= Ruarc mac Brain =

Ruarc mac Brain (died 862) was the fourth of ten Kings of Leinster to be inaugurated and based on Lyons Hill, Ardclough, County Kildare, a member of the Uí Dúnchada, one of three septs of the Uí Dúnlainge dynasty which rotated the kingship of Leinster between 750 and 1050, significant in County Kildare History.

One of two sons of Bran mac Fáeláin to be counted as king, the succession of kings in Leinster is difficult to follow in his time.

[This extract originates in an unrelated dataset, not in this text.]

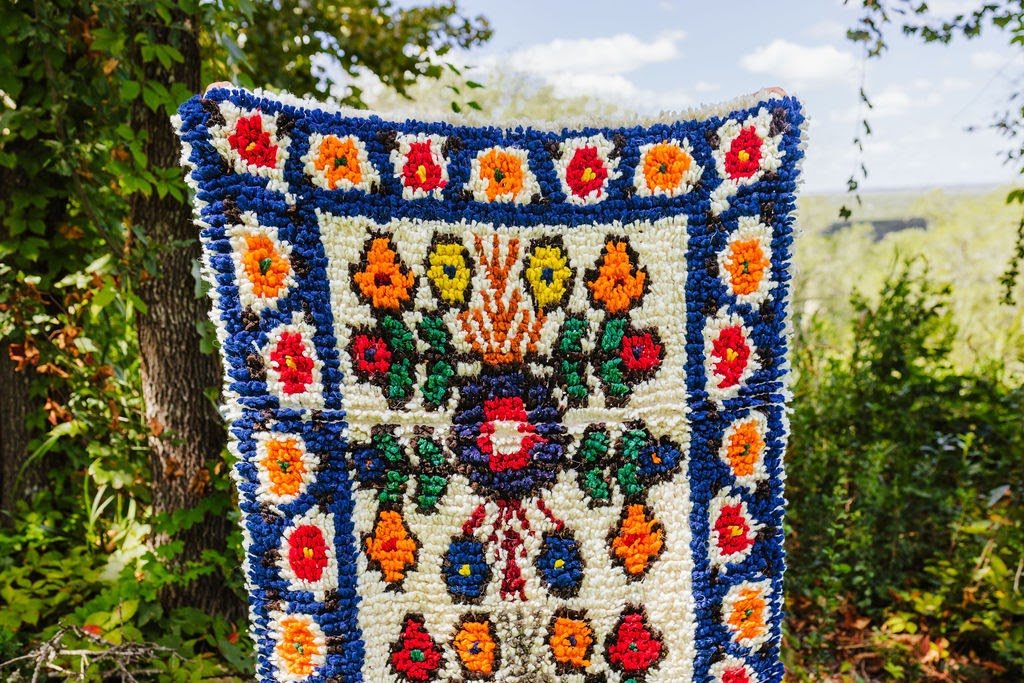 Momostenango Wool Woven Rug - Azul - Tesoros Maya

The king lists have Ruarc succeed his father, and be followed by Lorcán mac Cellaig, and then Túathal mac Máele-Brigte and lastly Muirecán mac Diarmata, who died the year after Ruarc.

In 843 the Annals of Ulster record that Artacán mac Domnaill was "deceitfully killed" by Ruarc mac Brain, but no further identification or titles are given. Likewise in 846, when he fought alongside Máel Sechnaill mac Máele Ruanaid and was defeated by Tigernach mac Fócartai no titles are given. His obituary in the Annals of Ulster in 862 calls him only "king of Uí Dúnlainge". The Annals of the Four Masters add that he was killed by the Uí Néill, the leadership of which passed in theory from Máel Sechnaill to Áed Findliath that same year at Máel Sechnaill's death, and perhaps in practice rather earlier.

Other entries in the Irish annals conflict with the regular succession shown in the king lists. In 848, when reporting one of the several defeats of Vikings that year, at Sciath Nechtain, near modern Castledermot, County Kildare, the Annals of Ulster say that the Leinstermen were led by Lorcán. In 854 Tuathal is called "king of Uí Dúnlainge" in the notice of his death and Muirecán is "king of Naas" in 863. Byrne suggests that the root of this apparent confusion lay in the fact that the Uí Dúnlainge kings exercised little real authority due to the aggressions of their western neighbour Cerball mac Dúnlainge, King of Osraige. Cerball, while unable to install himself as king of Leinster, was able to prevent any rival king exercising real power there.